== DATA IN THIS EXERCISE ==
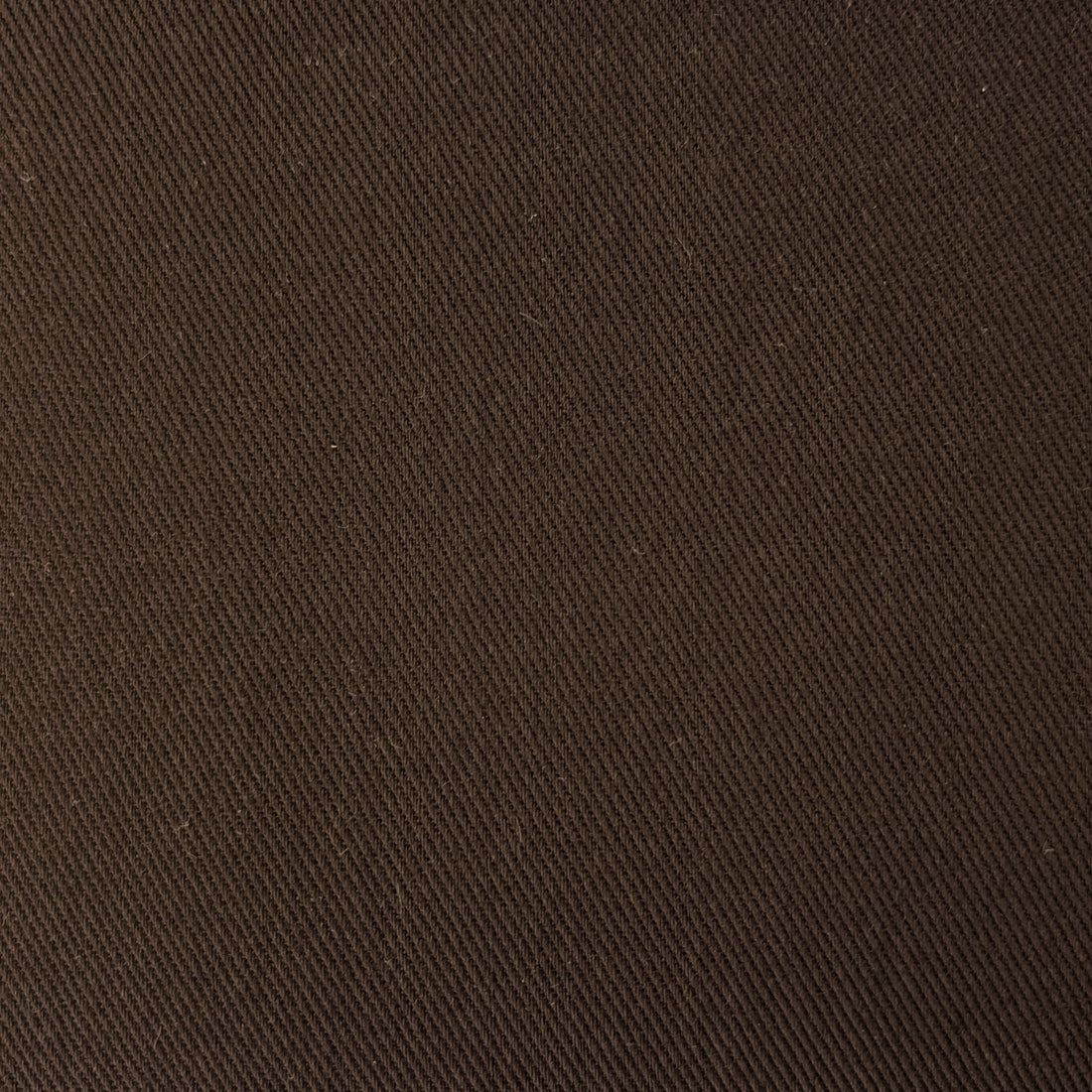 Cotton Heavyweight Twill
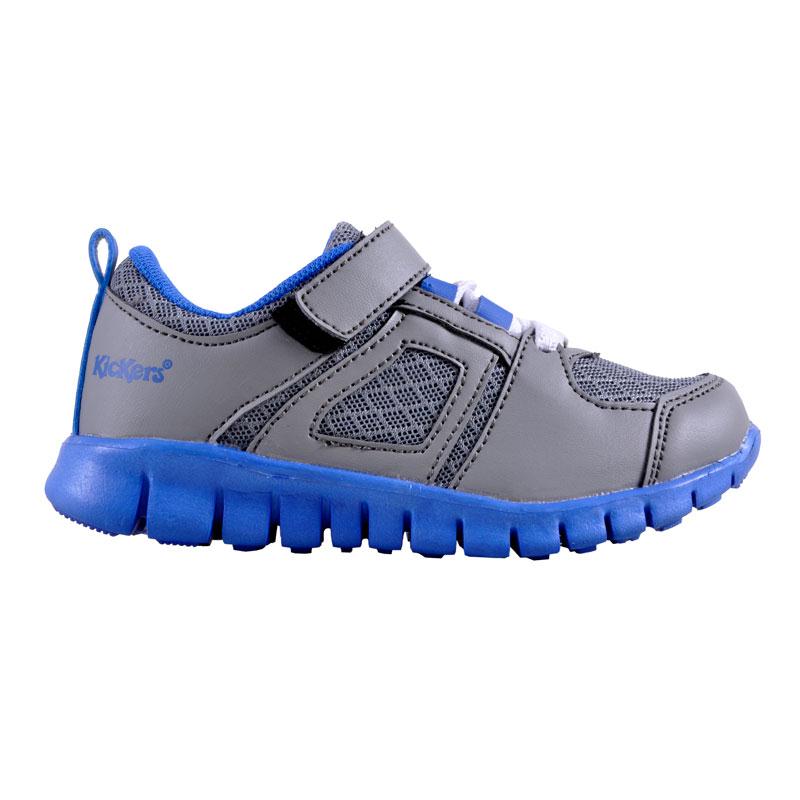 Kickers-Zapatillas-Floy PD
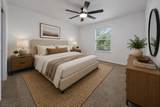4501 Whispering Valley Dr - Photo 8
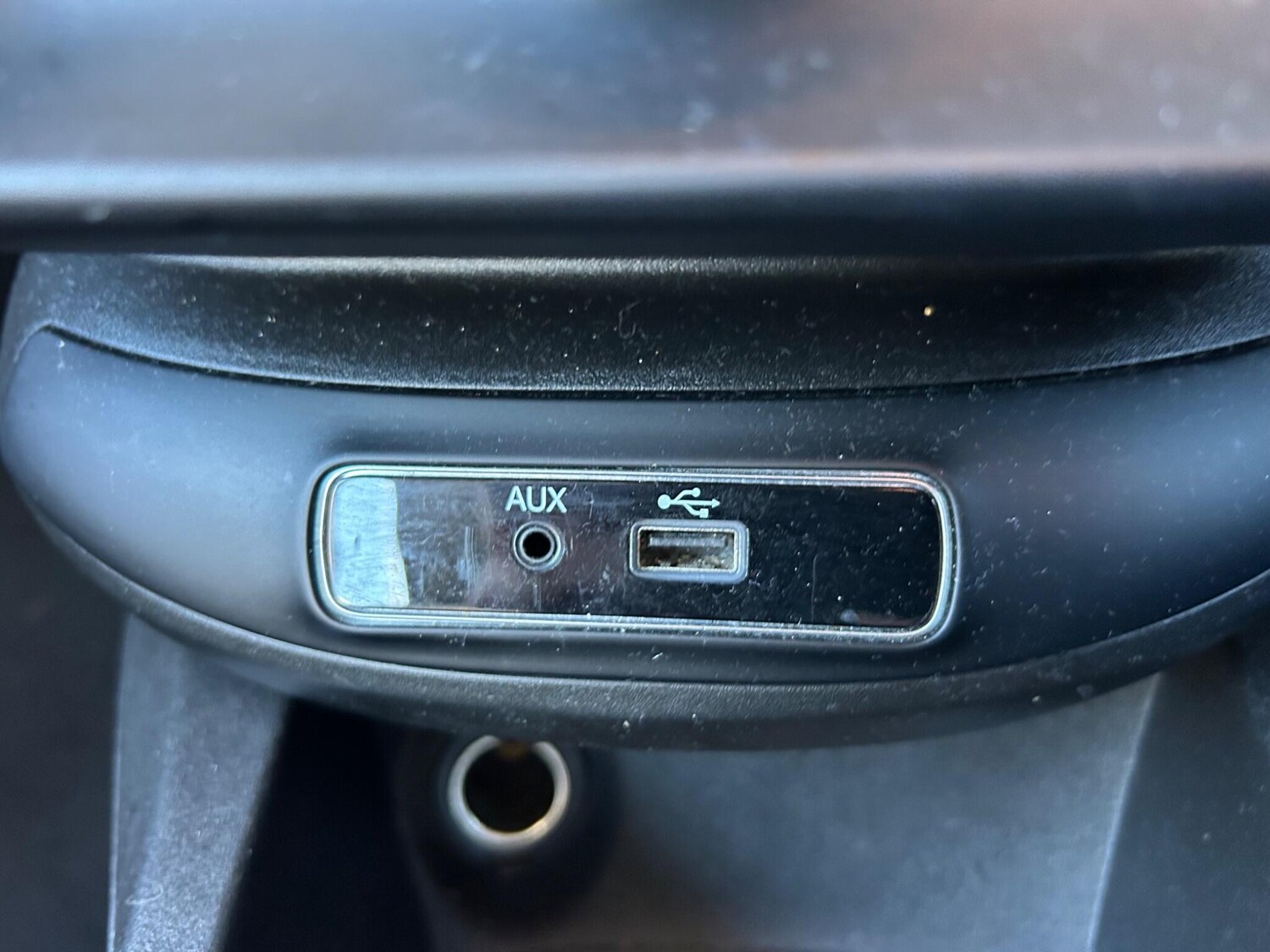 Used Fiat 500X for sale - 77695527: Photo 19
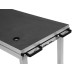 GUIL TM-AS/1-440 Helper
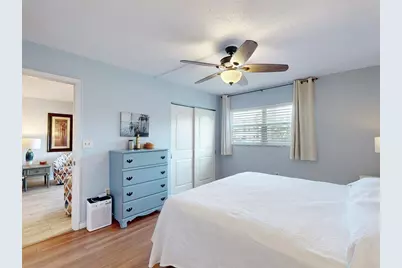 940 Virginia Street #103, Dunedin, FL 34698 - Photo 33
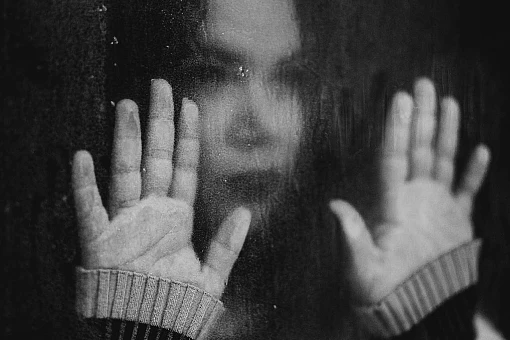 Pagan Anxiety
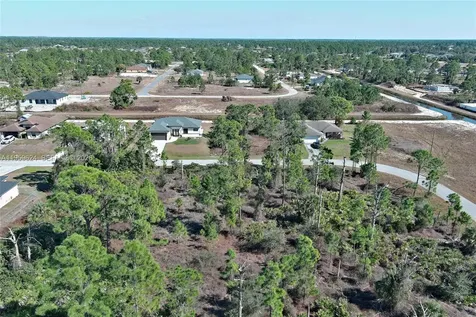 1053 Fayette Avenue Lehigh Acres FL 33974
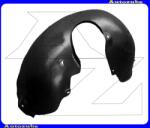 VW UP 2011.08-2016.05 /AA/ Dobbetét bal első (műanyag) 211741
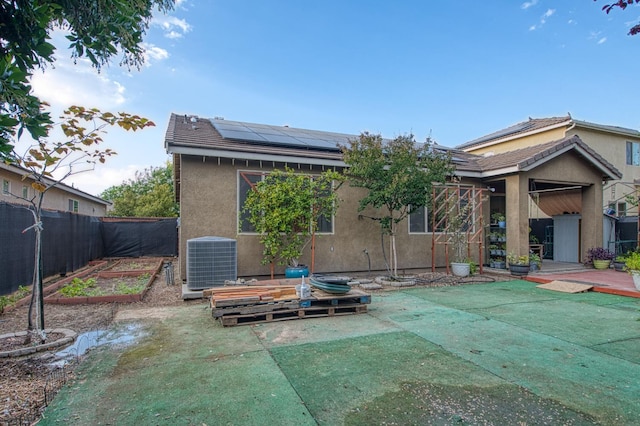 3531 W Delta Ave, Visalia, CA 93291 - photo 30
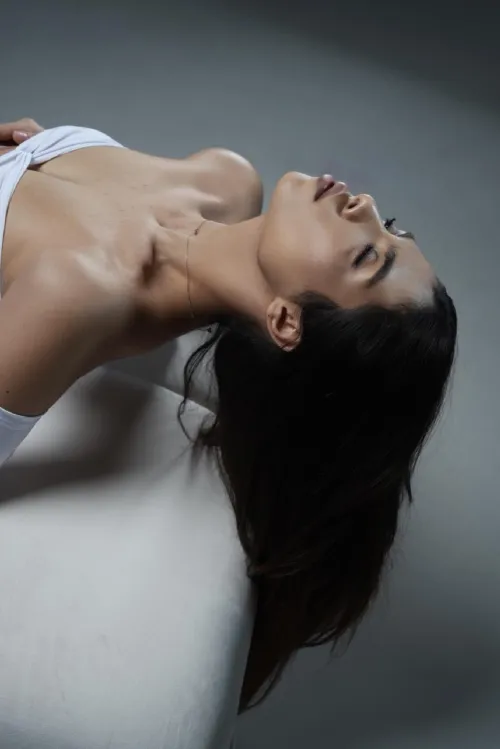 hoping to inspire with my photography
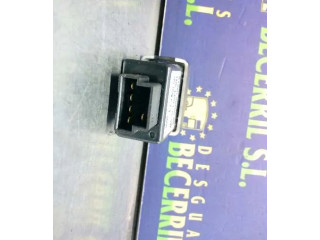 Блок управления 8136006800 SsangYong Korando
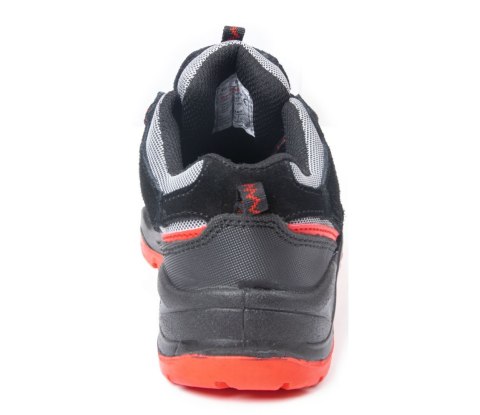 PÓŁBUT N06 SRC ESD S1-P - N06 47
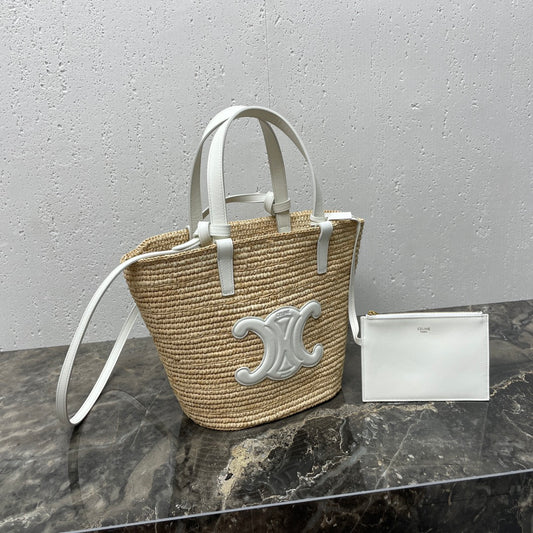 BAG-CELINE-W-NEW-2153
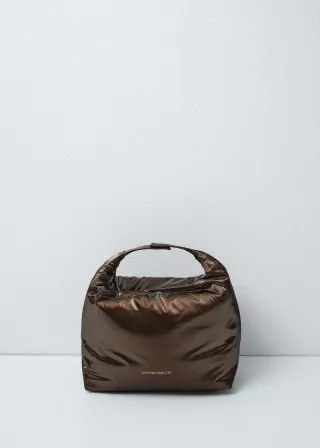 НЕСЕСЕР 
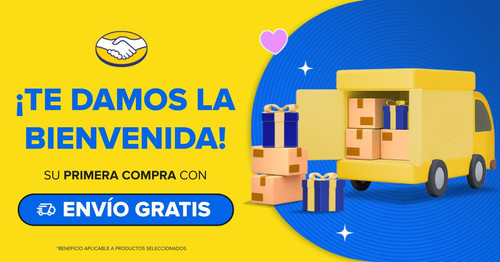 español.jpg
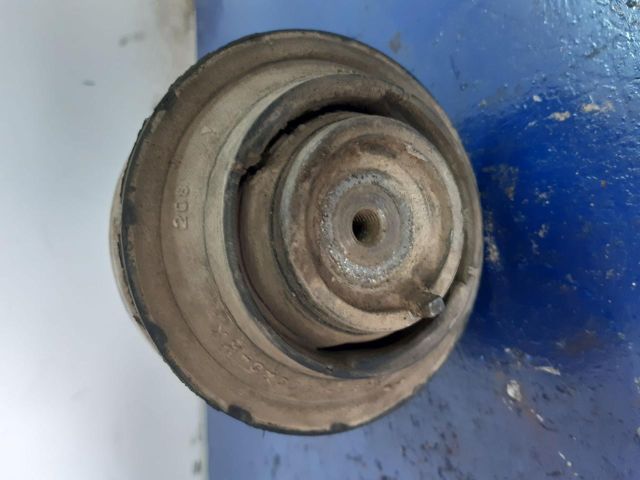 bontott MERCEDES-BENZ E-CLASS Motor Tartó Bak (Pozíciófüggetlen)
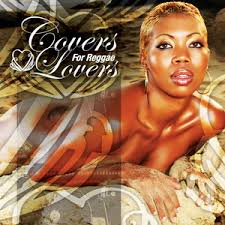 Waiting On The World To Change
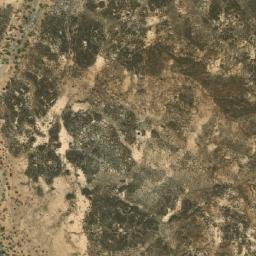 Satellite imagery of Dalamaki, DJ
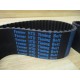 Fenner 1120 8M 50 HTD Timing Belt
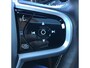 Volvo V60 T8 390PK AWD R-Design| Full Options ! Trekhaak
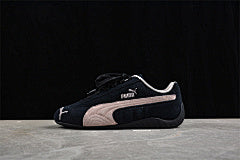 The Open Product x Puma Speedcat – 398846-09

== TASK BRIEF ==
Ignoring the pictures, write out word for word the lines from the line containing "GUIL TM-AS/1-440 Helper" through the end of the material above.

== SOLUTION BELOW ==
 GUIL TM-AS/1-440 Helper
 940 Virginia Street #103, Dunedin, FL 34698 - Photo 33
 Pagan Anxiety
 1053 Fayette Avenue Lehigh Acres FL 33974
 VW UP 2011.08-2016.05 /AA/ Dobbetét bal első (műanyag) 211741
 3531 W Delta Ave, Visalia, CA 93291 - photo 30
 hoping to inspire with my photography
 Блок управления 8136006800 SsangYong Korando
 PÓŁBUT N06 SRC ESD S1-P - N06 47
 BAG-CELINE-W-NEW-2153
 НЕСЕСЕР 
 español.jpg
 bontott MERCEDES-BENZ E-CLASS Motor Tartó Bak (Pozíciófüggetlen)
 Waiting On The World To Change
 Satellite imagery of Dalamaki, DJ
 Fenner 1120 8M 50 HTD Timing Belt
 Volvo V60 T8 390PK AWD R-Design| Full Options ! Trekhaak
 The Open Product x Puma Speedcat – 398846-09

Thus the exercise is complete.